Precision and Recall

Precision — the percentage of predicted boundaries that match actual boundaries.

Recall — the percentage of actual boundaries that are correctly predicted by the model.

However, this metric might be too coarse in scenarios where predictions are close but not exact matches. Such cases are called “near misses,” where the model predicts boundaries that are in close proximity to the actual boundaries. An example is provided below.

Consider a reference segmentation: AAA|BBBB|CC, where AAA, BBBB, CC are “segments,” and vertical lines represent boundaries. An algorithm’s task is to predict these boundaries.

Now, let’s compare Model-A and Model-B using the following table:

|   Name  | Segmentation |
|:--------|:-------------|
| Ref     | AAA|BBBB|CC  |
| Model-A | AA|BBBBBB|C  |
| Model-B | A|BBB|CCC|D  |

Both models have a precision and recall equal to 0 based on traditional definitions. However, it is clear that Model-A performs much better than Model-B, as the difference between its predictions and the reference segmentation is significantly smaller.

Hence, the traditional precision-recall metric might not be the best choice for evaluating this task due to its inability to capture nuanced performance differences in near misses.

Pk

The Pk metric is calculated using a sliding window-based approach. The window size is typically set to half of the average true segment number.

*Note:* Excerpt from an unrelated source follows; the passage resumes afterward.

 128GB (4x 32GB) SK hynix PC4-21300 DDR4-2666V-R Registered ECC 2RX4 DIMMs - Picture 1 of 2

As the window slides through both the reference segmentation and predicted segmentation, at each step, we determine whether the ends of the window are within the same segment or not. If there is a mismatch between the ground truth and predicted segmentation, the error counter is incremented. Finally, the metric value is normalized by the count of measurements. In an ideal scenario, the best segmentation would result in a Pk value equal to 0.

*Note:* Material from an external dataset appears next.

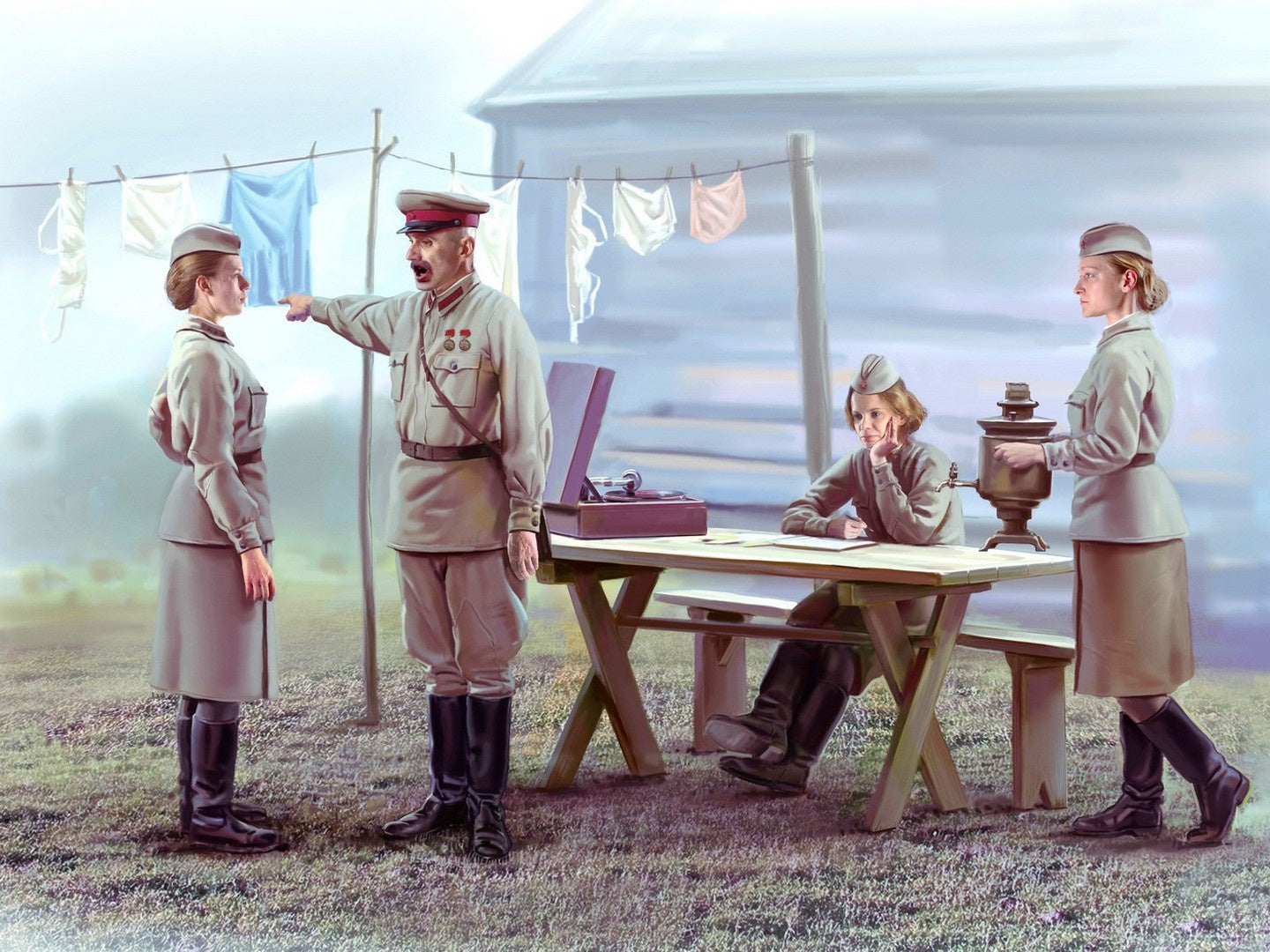 Soviet Military Servicewomen (1939-1942) 4 Figures ICM35621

Below, you can find the code implementation (sourced from the NLTK library) and its usage for the example provided in the Precision and Recall section.

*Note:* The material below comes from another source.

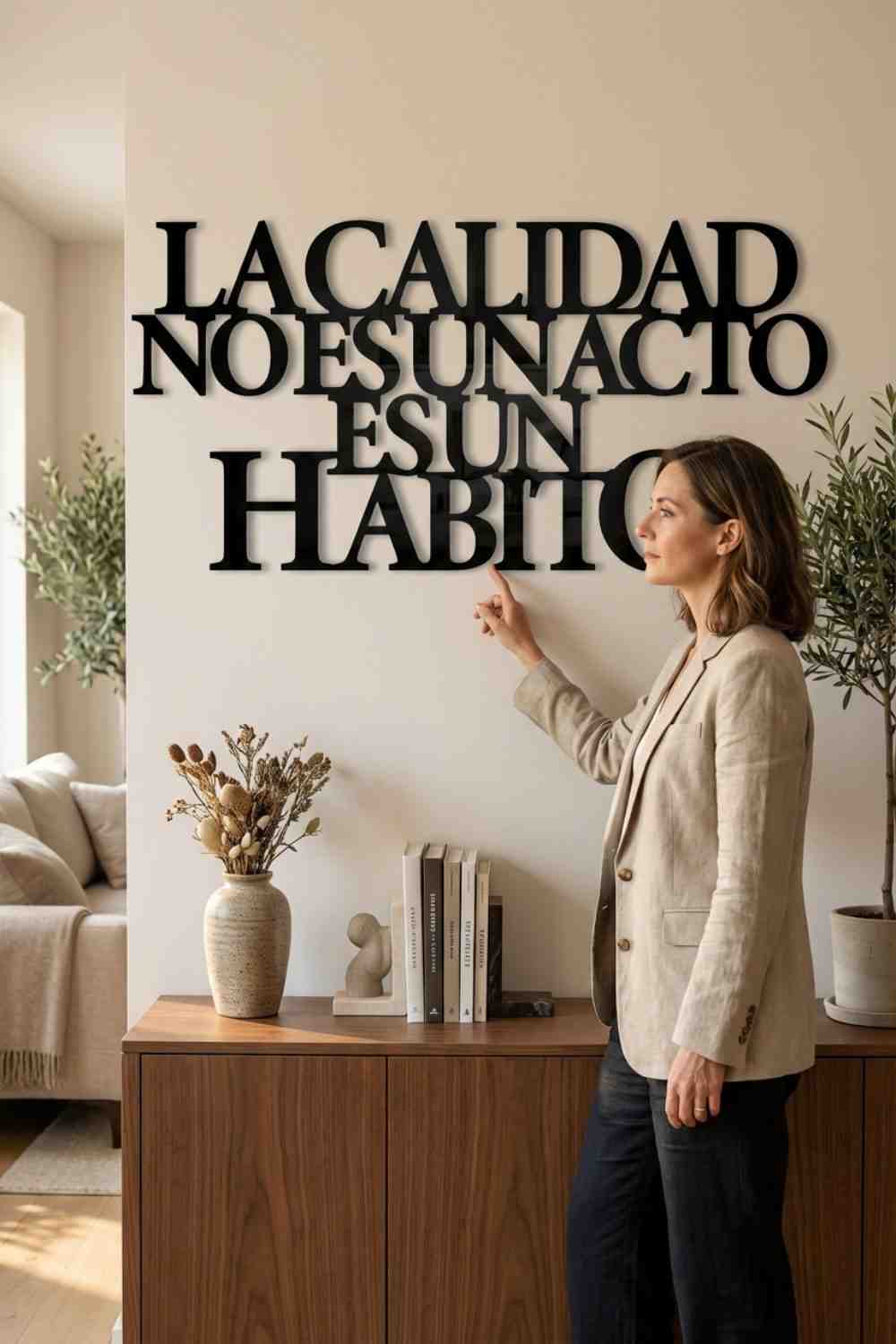La calidad no es un acto, es un hábito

def pk(ref, hyp, k=None, boundary='1'):
    """
    Compute the Pk metric for a pair of segmentations A segmentation
    is any sequence over a vocabulary of two items (e.g. "0", "1"),
    where the specified boundary value is used to mark the edge of a
    segmentation.

    >>> '%.2f' % pk('0100'*100, '1'*400, 2)
    '0.50'
    >>> '%.2f' % pk('0100'*100, '0'*400, 2)
    '0.50'
    >>> '%.2f' % pk('0100'*100, '0100'*100, 2)
    '0.00'

    :param ref: the reference segmentation
    :type ref: str or list
    :param hyp: the segmentation to evaluate
    :type hyp: str or list
    :param k: window size, if None, set to half of the average reference segment length
    :type boundary: str or int or bool
    :param boundary: boundary value
    :type boundary: str or int or bool
    :rtype: float
    """

    if k is None:
        k = int(round(len(ref) / (ref.count(boundary) * 2.)))

    err = 0
    for i in range(len(ref)-k +1):
        r = ref[i:i+k].count(boundary) > 0
        h = hyp[i:i+k].count(boundary) > 0
        if r != h:
            err += 1
    return err / (len(ref)-k +1.)

for k in range(1, 6):
    print(f"Model-A | k={k} | {pk('AAA|BBBB|CC', 'AA|BBBBBB|C', boundary='|', k=k):.2f}")
    print(f"Model-B | k={k} | {pk('AAA|BBBB|CC', 'A|BBB|CCC|D', boundary='|', k=k):.2f}")

Model-A | k=1 | 0.36
Model-B | k=1 | 0.45
Model-A | k=2 | 0.40
Model-B | k=2 | 0.80
Model-A | k=3 | 0.33
Model-B | k=3 | 0.56
Model-A | k=4 | 0.25
Model-B | k=4 | 0.12
Model-A | k=5 | 0.29
Model-B | k=5 | 0.00

Certainly, the metric displays several drawbacks:

False negatives are penalized more than false positives:
- When the right end of the probe crosses the reference boundary, it begins recording non-matches. This occurs when the algorithm assigns two sentences to the same segment, contrary to the reference. In such cases of false negatives, the resulting Pk would increase to k.
- The frequency at which this false positive is accounted for by Pk depends on its position. If it emerges in the middle of a segment, it is noted k times. If it takes place j < k sentences from the segment’s beginning or end, a penalty of j times is applied.
Neglecting the number of boundaries:
Sensitivity to variations in segment size, as evident in the provided example.
Overemphasizing near-miss errors. In the example below, algorithm a_0 achieves a better Pk than the more obviously precise algorithm a_3.

samples = {
    'ref': 'AAAAAAAA|BBBBBBBBBBBBB|CCC',
    'a_0':  'AAAAAAAAAAAAAAAAAAAAAA|CCC',
    'a_1':  'AAAAAAAA|DD|BBBBBBBBBB|CCC',
    'a_2':  'AAAAAAAA|DDD|BBBBBBBBB|CCC',
    'a_3':  'AAAAAAAAAA|BBBBBBBBBBB|CCC',
    'a_4':  'AAAAAAAAAAAAAAA|BBBBBB|CCC'
}

k = 4  # half of the average segment length
for key, val in samples.items():
    print(f"{key} | k={k} | {pk(samples['ref'], val, boundary='|', k=k):.2f}")

ref | k=4 | 0.00
a_0 | k=4 | 0.17
a_1 | k=4 | 0.13
a_2 | k=4 | 0.17
a_3 | k=4 | 0.17
a_4 | k=4 | 0.35

WindowDiff

The WindowDiff metric aims to address the shortcomings observed in Pk. The metric operates in the following manner: at each probe position, it compares the number of reference segmentation boundaries falling within that interval ($r_i$) with the number of boundaries assigned by the algorithm ($a_i$). The algorithm incurs a penalty if $r_i \neq a_i$ (which translates to $|r_i - a_i| > 0$).

More formally:

$$ WindowDiff = \frac{1}{N - k} \sum_{i = 1}^{N-k} (| b(ref_i, ref_{i+k}) - b(hyp_{i}, hyp_{i+k}) | > 0) $$

Here, $b(i, j)$ denotes the count of boundaries between positions $i$ and $j$ in the text, and $N$ represents the number of segments in the text.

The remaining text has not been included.